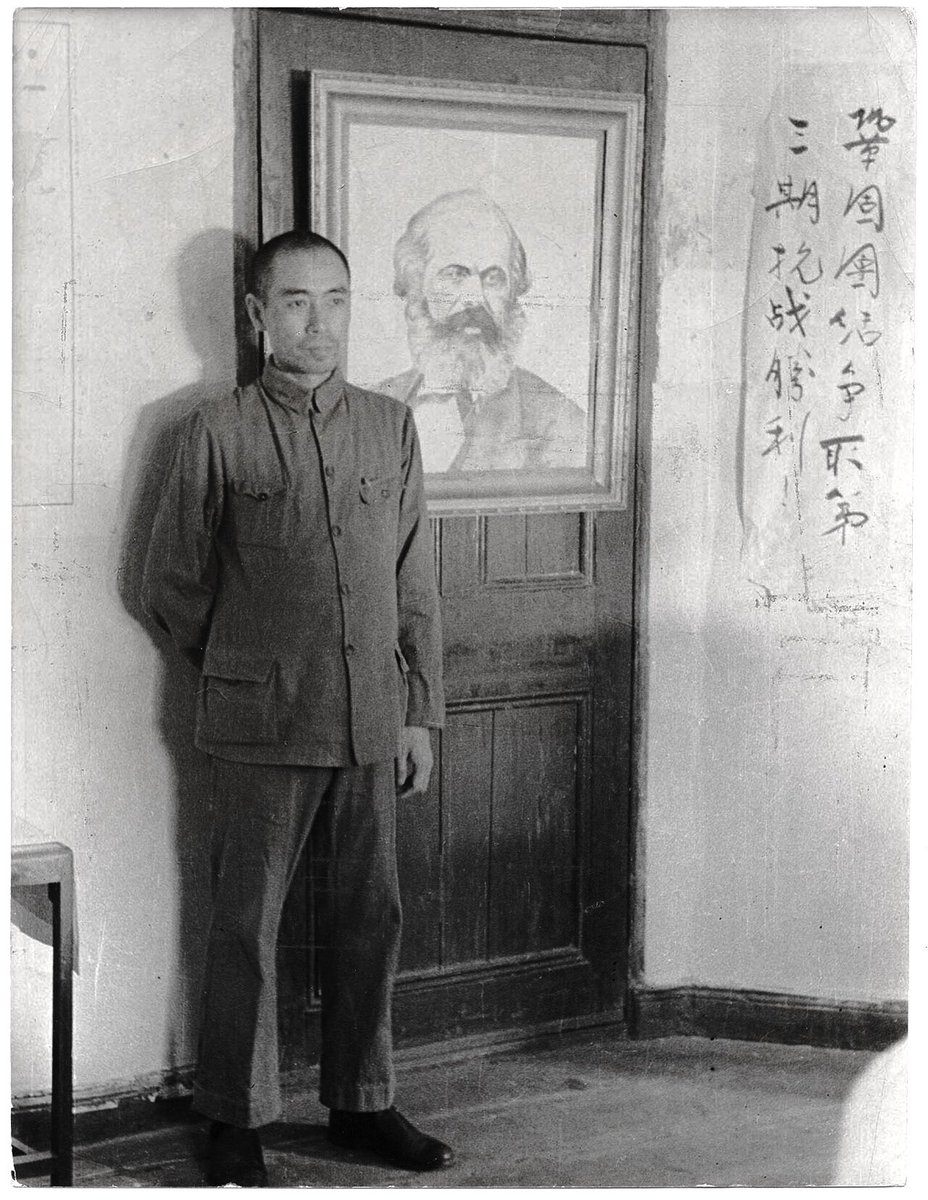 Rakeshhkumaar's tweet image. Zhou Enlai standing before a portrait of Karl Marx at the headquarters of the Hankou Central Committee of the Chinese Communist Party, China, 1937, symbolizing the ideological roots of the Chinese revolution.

—————

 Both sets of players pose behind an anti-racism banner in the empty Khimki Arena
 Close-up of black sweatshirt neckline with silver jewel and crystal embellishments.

—————

Please copy, exactly as written, every line in the listing above from the line with "Both sets of" up to and including the line with "Close-up of black".

 Both sets of players pose behind an anti-racism banner in the empty Khimki Arena
 Close-up of black sweatshirt neckline with silver jewel and crystal embellishments.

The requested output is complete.